Heute ist jede dritte Ehe binational, ein Viertel der Schweizer haben eine zweite Staatsbürgerschaft. Es handelt sich nicht um die leidliche Ungleichbehandlung von letztlich marginalen Einzelfällen, sondern um die gesetzlich festgeschriebene Diskriminierung von mindestens einem Viertel der Schweizer.
Der Entzug der Staatsbürgerschaft als Anti-Terror-Massnahme ist also ein völlig verkehrter Ansatz, zumal man versucht, die vermeintliche Unzulänglichkeit einer allzu milden Strafe mit einer verwaltungsrechtlichen Massnahme zu beheben.

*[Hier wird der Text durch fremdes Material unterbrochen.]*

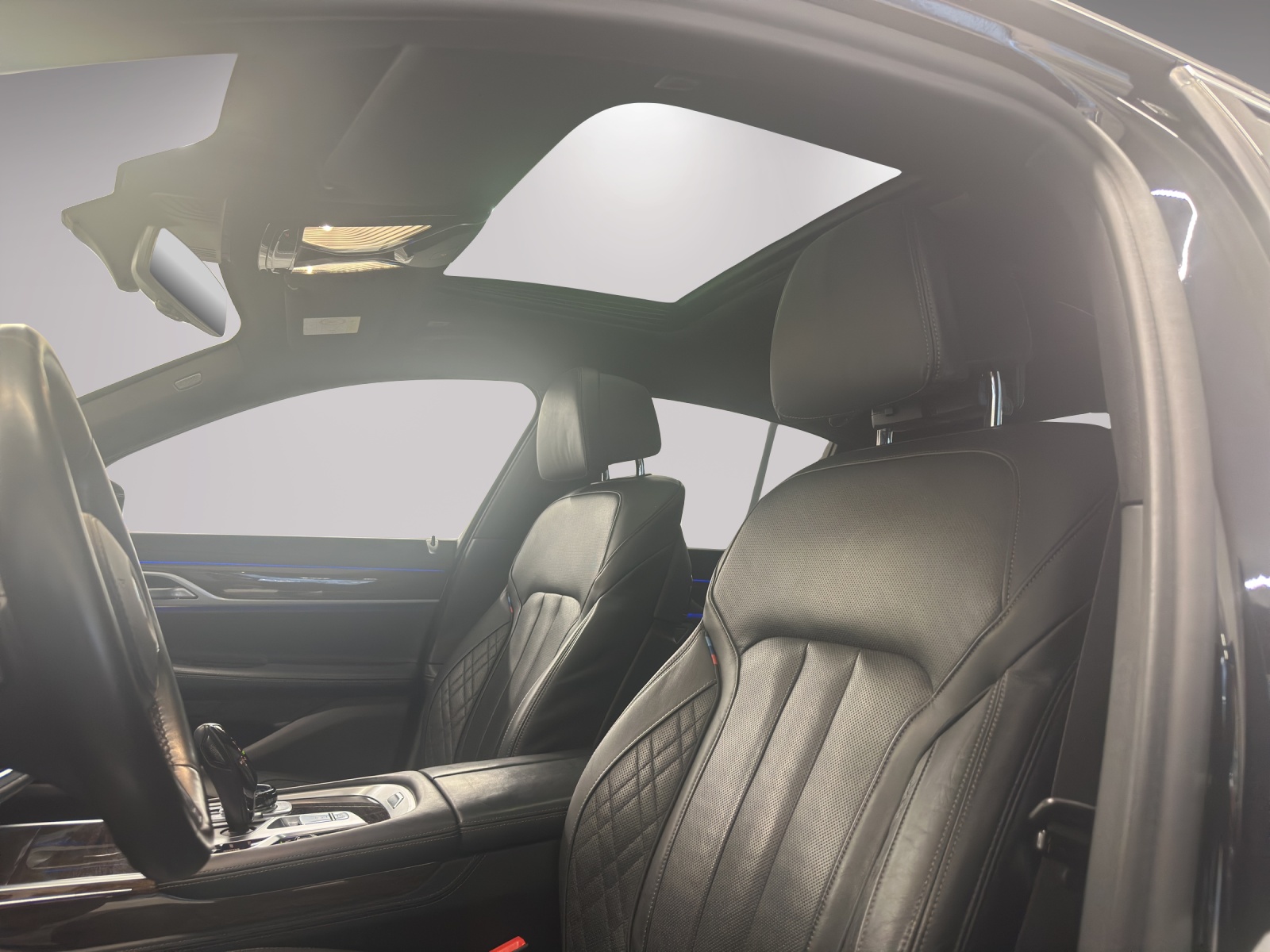 BMW 750i xDrive Steptronic-image-10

Selbst wenn im Fall Ümit Y. die rechtlichen Formalitäten des Bürgerrechtsgesetzes erfüllt sein sollten, bleibt es doch falsch, feige und nutzlos, einem Bürger die Staatsbürgerschaft zu entziehen.
Die Ausbürgerung ist falsch, weil sie einen unverhältnismässig krassen Eingriff in die Identität eines Menschen darstellt. Die Staatsbürgerschaft ist kein Privileg, sondern ein Recht: das Recht auf Rechte.
Die Ausbürgerung ist feige, weil sie das Problem Terrorismus nicht selber angeht, sondern an einen anderen Staat abschiebt.
Die Ausbürgerung ist nutzlos, weil sie im Kampf gegen den Terror nichts bringt. Der Staat entlässt damit seine Bürger aus ihrem Einfluss- und Kontrollbereich – und treibt sie in internationale Netzwerke von Terroristen, wie verschiedene Untersuchungen zeigen.
Der Entzug der Staatsbürgerschaft als Anti-Terror-Massnahme – das erinnert weniger an einen modernen Rechtsstaat als vielmehr an die mittelalterliche Methode der Verbannung. Umso schändlicher ist es, dass die erste Ausbürgerung eines Doppelbürgers überhaupt so leise erfolgt – fast ohne Aufschrei und Widerspruch.
Denn das macht den Rechtsstaat ja gerade aus: Selbst wer mit dem Teufel tanzt, darf das grundlegendste aller Rechte nicht verlieren – die Staatsbürgerschaft. Oder eben: das Recht auf Rechte.